I had an exciting opportunity to witness 1300 of New York City's finest, students that is, attend a special performance of Hamilton. It was my second time at the show. But this was NOT the same show I saw before. This was experience like no other. 

They are not throwing away their shot to rise up in the room where it happened. 1300 New York City public school students attended an exclusive matinee performance of the show with hottest ticket in America. Thanks to partnership between Hamilton, The Rockefeller Foundation, the Gilder Lehrman Institute and the NYC Department of Education, another lot of students from New York's Five Boroughs were granted an invitation to Hamilton. That is after they successfully completed and passed their curriculum pertaining to the subject. A true stage to page experience.
The smash hit phenomenon has reached global success to the point that it has not only opened up eyes to a new audience but it is truly a profound teaching tool. Unless you've been living under a rock, you know the musical, written by Lin-Manuel Miranda, was at the center of some recent controversy when Vice President elect Mike Pence made a recent visit to the show. With a speech aimed to education, Brandon Victor Dixon, who plays Aaron Burr, spoke on behalf of the ensemble in hopes of starting an important discussion. In some arenas, namely social media, it backfired, but the message Dixon relayed is the rich message found with Miranda’s piece. This is a story of old America told by today's America.
Prior to the performance, a select few students got to make their "Broadway debut" by performing original work on the Richard Rodgers stage. At the core of their pieces was a narrative inspired by Hamilton and other pertinent information integrated from their studies. From poetry to song to dance to spoken word, these select students found their moments to shine in front of the biggest audience they could dream of. Associate choreographer Stephanie Klemons served as MC and hype girl, getting the students geared up to watch their classmates and peers. Some of the many highlights included a scene inspired by Abigail Adams written and performed by Kiara Leon and Anda Rosca from East Side Community School, some profound words in a scene from Jaelen Smith and Adante Power of Repertory Compay High School for Theatre Arts, a lyrical dance from Keturah Stephen, Liliana Delossantos, and Destiny Trevino, of Brooklyn High School of the Arts, and the pure vocals of Juan Mateo Garcia of Brooklyn Theatre Arts High School. All of this was set up by the incredible poem entitled “Let’s Make America Great Again” delivered with fervor and passion from Amell Garrison of Achievement First University Prep High School.
photo by Michael Block
If being able to see the show wasn't enough, the students got to listen to a very special question and answer session featuring some of the stars of Hamilton. Sharing their time and knowledge were Sasha Hollinger, Rory O’Malley, Eliza Ohman, Sydnee Winters and star of the future, and overall fan favorite Jordan Fisher. From silky, frothy questions to deep, personal statements, the wealth of insight the cast shared resonated. If you looked around closely, there was not a phone in sight. These kids were listening and engaged.

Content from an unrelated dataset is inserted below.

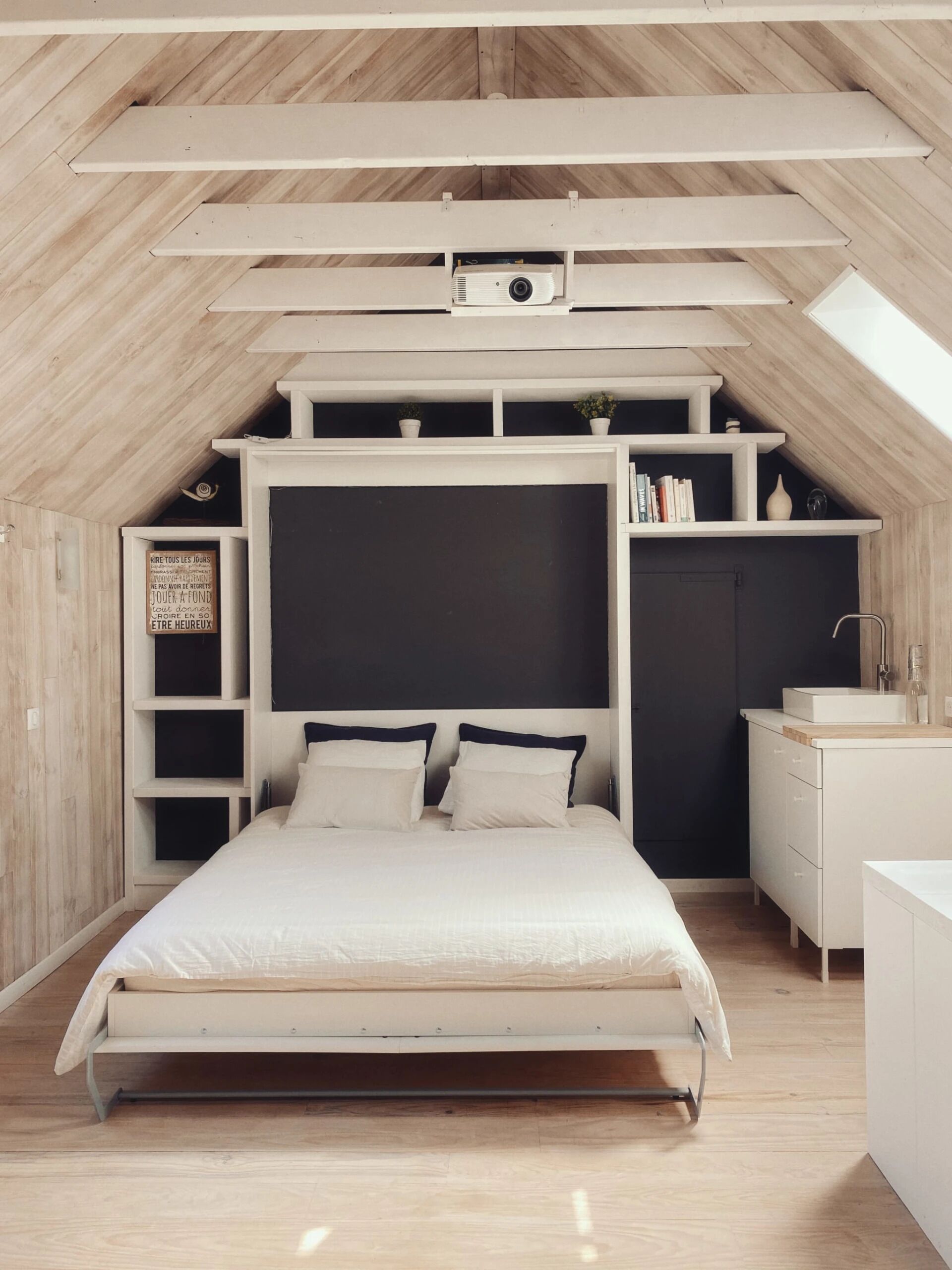 A bedroom with a sloped ceiling, a bed, a nightstand, a dresser, and built-in shelving with books and decorative items.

If you're one of the lucky few that has scored a ticket to Hamilton, you know what it's like to be in that audience. Even if you've seen a Broadway show, you know the etiquette. Those rules don't apply here. In fact, Stephanie Klemons ASKED this crowd to vocalize and react. Throw them out because these kids have no fear and will respond. The room was electric. The energy they gave the company was immediately given right back. And wouldn't you believe the moment the lights came up for curtain call everyone was on their feet. The Richard Rodgers was electric. Even glancing over at the great ushers, they were energized by the aura from the students.
It's an experience you can only have in this room with these students. They reacted to everything, good, bad, or indifferent, proving just how in-tune they were to the words of Lin-Manuel Miranda. What this great partnership has afforded the youth of New York is integral to our future. Art truly does have the power to change the world. What these students took from their day at the theater is yet to be scene but what is certain, this is a field trip these kids will never forget.